Double attaque contre le droit de grève
«Le patron a licencié les quatre grévistes pour violation de la paix absolue du travail. Or cette clause de la CCT suisse des électriciens n'est pas étendue. Elle ne s'applique donc pas à Electricité 2020, qui n'est pas membre de l'association patronale», a souligné Lionel Roche, responsable de l'artisanat à Unia Vaud, devant les médias le 14 février. Il a également dénoncé l'attitude de la police yverdonnoise, venue déloger les grévistes le mardi matin, alors qu'un piquet avait été organisé devant le chantier du garage où deux salariés non-grévistes devaient se rendre. «Nous leur avons demandé d'appeler le patron pour qu'il les affecte sur un autre site, ce qu'ils ont fait. Mais l'employeur et le maître d'ouvrage ont sollicité la police, et c'est encadrés par elle que ces deux collègues sont allés travailler. C'est scandaleux que la police intervienne pour briser un piquet de grève. On ne peut pas assimiler un piquet à une manifestation publique soumise à autorisation», s'est indigné le syndicaliste, avant d'insister: «La police n'a pas été neutre en remettant en question le droit constitutionnel de faire grève.» Son collègue Laurent Tettamanti, agressé la veille par le maître d'ouvrage du bâtiment, a relevé un autre cas de présence policière pour protéger un employeur du second œuvre à Vucherens en décembre. «La police était intervenue en masse alors que rien ne le justifiait en termes de sécurité ou de troubles de l'ordre public. Il y a une véritable volonté de casser les grèves», a-t-il déploré.

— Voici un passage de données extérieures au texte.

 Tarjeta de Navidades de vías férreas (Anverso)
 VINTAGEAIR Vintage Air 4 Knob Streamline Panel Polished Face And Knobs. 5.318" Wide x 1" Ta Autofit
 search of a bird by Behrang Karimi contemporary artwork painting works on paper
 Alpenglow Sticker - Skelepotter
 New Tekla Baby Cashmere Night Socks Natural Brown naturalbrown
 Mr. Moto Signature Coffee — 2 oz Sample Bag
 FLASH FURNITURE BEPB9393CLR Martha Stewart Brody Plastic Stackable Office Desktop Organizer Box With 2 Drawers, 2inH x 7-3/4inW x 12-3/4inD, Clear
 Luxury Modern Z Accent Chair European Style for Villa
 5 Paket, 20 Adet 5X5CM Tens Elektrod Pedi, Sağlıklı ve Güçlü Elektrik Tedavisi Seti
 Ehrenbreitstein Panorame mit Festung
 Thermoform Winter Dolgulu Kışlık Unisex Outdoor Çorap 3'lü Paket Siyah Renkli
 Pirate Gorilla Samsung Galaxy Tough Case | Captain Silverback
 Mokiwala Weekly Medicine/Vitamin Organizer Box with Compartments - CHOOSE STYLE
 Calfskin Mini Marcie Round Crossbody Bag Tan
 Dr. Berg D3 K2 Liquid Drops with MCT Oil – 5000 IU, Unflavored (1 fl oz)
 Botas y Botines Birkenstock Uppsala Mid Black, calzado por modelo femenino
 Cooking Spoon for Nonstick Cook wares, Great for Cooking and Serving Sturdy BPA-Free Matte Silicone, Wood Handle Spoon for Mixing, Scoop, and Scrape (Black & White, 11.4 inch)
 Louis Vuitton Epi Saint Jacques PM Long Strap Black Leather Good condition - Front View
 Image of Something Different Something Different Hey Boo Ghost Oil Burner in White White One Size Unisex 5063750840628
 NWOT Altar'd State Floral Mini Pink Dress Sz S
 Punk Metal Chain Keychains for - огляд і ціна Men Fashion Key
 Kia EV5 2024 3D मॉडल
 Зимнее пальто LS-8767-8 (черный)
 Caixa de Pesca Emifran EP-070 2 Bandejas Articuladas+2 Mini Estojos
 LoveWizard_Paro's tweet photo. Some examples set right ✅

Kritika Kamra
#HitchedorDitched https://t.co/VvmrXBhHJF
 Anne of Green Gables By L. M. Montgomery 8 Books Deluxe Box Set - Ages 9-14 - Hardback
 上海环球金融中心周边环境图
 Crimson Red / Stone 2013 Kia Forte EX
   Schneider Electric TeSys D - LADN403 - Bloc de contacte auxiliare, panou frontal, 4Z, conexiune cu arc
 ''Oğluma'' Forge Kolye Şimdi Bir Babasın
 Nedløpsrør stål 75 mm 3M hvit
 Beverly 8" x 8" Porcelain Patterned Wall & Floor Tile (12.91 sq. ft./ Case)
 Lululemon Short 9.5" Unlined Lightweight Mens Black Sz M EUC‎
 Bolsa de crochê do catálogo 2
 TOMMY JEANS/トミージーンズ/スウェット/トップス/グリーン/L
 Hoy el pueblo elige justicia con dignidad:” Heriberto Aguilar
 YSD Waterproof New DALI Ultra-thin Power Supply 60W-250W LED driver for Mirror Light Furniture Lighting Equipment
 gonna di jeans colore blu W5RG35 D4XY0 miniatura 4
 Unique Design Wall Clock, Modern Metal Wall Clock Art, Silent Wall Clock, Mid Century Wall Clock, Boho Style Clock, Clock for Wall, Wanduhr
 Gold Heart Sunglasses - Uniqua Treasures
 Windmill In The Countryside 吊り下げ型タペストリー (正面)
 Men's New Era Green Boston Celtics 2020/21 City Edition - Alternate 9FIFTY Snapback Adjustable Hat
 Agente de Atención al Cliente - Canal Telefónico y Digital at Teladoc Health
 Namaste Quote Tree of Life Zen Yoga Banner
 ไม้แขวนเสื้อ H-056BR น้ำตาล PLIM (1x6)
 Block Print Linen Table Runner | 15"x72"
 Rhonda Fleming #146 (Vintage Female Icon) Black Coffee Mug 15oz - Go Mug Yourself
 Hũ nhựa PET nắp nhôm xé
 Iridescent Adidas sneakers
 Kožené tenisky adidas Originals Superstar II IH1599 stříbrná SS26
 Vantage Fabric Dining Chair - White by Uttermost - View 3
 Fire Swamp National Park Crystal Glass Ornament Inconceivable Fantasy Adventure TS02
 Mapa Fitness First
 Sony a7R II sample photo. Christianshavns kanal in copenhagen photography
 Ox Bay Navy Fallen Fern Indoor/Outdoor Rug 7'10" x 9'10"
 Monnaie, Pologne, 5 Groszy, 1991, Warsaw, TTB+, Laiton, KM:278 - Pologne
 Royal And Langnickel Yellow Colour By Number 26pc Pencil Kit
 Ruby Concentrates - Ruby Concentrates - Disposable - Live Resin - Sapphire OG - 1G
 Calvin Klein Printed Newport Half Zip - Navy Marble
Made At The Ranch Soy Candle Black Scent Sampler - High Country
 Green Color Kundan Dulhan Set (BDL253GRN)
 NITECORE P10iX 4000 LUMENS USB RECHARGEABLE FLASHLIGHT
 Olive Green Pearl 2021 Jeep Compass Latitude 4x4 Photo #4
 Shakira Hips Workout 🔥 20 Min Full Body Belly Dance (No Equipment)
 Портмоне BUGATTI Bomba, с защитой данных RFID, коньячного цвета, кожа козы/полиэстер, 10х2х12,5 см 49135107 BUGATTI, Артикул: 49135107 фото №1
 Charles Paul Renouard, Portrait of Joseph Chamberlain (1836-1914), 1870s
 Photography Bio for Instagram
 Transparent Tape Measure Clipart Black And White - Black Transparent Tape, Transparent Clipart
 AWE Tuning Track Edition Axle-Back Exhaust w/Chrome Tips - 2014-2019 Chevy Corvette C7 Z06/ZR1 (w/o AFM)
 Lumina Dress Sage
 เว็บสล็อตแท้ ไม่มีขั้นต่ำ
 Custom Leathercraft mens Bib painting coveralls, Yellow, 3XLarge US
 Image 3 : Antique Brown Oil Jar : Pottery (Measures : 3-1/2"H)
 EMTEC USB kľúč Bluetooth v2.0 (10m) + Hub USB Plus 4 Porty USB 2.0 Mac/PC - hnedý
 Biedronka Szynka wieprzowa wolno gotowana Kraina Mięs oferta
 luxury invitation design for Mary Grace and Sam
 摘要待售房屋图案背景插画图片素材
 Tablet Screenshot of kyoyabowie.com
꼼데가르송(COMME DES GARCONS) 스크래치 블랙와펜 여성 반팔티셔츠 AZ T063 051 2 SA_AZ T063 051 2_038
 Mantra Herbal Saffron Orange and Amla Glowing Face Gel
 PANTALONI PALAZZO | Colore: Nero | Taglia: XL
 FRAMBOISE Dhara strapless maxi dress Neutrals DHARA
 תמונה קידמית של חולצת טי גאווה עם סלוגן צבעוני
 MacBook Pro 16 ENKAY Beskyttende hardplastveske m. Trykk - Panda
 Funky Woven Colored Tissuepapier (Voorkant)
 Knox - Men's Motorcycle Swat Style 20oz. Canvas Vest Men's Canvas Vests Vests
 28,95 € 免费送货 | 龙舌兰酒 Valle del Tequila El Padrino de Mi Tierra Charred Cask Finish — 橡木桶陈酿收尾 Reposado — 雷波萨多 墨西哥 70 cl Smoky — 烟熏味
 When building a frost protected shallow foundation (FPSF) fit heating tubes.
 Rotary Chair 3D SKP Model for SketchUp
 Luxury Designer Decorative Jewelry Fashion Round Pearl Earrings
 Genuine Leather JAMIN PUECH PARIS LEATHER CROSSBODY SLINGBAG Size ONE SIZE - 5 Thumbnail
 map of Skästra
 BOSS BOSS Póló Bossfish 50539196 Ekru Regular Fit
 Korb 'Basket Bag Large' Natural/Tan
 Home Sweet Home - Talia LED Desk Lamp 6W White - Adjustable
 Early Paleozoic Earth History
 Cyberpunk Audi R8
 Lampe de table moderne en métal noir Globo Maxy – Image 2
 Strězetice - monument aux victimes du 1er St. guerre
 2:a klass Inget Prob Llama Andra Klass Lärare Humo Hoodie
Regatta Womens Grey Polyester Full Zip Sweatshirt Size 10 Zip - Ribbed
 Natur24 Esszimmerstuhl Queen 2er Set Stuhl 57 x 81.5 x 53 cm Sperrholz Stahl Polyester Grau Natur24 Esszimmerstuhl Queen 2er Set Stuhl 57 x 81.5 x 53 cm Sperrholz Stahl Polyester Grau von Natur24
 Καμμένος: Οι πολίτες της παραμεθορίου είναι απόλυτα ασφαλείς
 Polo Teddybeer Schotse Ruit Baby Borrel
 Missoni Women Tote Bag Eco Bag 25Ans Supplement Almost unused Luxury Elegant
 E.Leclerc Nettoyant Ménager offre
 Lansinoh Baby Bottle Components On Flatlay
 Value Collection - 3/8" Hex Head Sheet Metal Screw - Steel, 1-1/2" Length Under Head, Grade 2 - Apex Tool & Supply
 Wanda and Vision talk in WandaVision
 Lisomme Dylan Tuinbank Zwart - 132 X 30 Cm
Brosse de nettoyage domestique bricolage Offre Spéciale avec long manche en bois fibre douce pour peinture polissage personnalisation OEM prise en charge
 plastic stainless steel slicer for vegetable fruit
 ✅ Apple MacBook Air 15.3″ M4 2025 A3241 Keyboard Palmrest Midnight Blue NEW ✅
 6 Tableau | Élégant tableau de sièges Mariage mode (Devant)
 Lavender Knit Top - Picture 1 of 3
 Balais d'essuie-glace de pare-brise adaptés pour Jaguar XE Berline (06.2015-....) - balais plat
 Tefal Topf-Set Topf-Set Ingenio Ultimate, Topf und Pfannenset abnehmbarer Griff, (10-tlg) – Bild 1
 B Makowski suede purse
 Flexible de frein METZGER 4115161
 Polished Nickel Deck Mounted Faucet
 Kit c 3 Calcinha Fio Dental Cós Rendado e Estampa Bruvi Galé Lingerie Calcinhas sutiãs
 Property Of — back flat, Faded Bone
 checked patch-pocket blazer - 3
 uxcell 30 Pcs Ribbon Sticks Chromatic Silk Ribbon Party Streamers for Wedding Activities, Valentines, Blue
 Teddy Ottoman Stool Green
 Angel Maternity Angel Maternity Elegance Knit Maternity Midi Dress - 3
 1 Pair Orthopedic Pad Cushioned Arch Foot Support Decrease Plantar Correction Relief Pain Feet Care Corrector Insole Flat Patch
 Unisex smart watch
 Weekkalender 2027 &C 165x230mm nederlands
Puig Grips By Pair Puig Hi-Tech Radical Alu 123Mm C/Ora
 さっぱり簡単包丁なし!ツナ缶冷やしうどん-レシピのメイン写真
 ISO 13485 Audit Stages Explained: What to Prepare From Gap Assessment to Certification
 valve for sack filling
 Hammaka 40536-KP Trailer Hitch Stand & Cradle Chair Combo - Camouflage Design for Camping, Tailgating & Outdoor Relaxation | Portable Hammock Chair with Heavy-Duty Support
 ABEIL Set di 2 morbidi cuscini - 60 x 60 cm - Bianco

Pour Lionel Roche, cette double atteinte au droit de grève que constituent les licenciements représailles des quatre travailleurs d'Electricité 2020 et le rôle partial de la police est inquiétante alors qu'il s'agit de faire respecter les dispositions de la convention collective. «Cette entreprise trouve les moyens depuis des années de pratiquer une forme de dumping salarial. Pour nous, syndicalistes, il est essentiel de lutter contre ce genre de pratiques et de protéger les travailleurs qui les subissent. Car des entreprises comme celle-ci pullulent sur le marché, et cela va s'accroître si aucune campagne sérieuse n'est engagée. Tout cela se déroule dans un contexte plus général d'attaques frontales contre la CCT. Les patrons veulent notamment augmenter le temps de travail et remettre en cause de nombreux acquis.»

Grévistes confiants
Face à cette situation, Unia a interpellé le syndic d'Yverdon-les-Bains au sujet de l'intervention policière et envisage de déposer une plainte pour violation du droit de grève garanti par la Constitution. Le syndicat va également agir devant le Tribunal des Prud'hommes contre les licenciements abusifs et les violations conventionnelles. Quant aux électriciens concernés, dont certains sont pères de famille, comment envisagent-ils l'avenir? «Nous cherchons du travail. Le patron nous faisait peur, il nous disait qu'on ne trouverait rien ailleurs, mais nous sommes confiants, nous retrouverons un emploi.»
L'affaire se poursuit devant l'Office cantonal de conciliation et d'arbitrage. L'employeur, qui récuse la convention signée et conteste les décomptes, a saisi cet organe chargé de statuer sur les conflits de travail. Une première séance était prévue hier, mardi 27 février, alors que ce journal était déjà sous presse.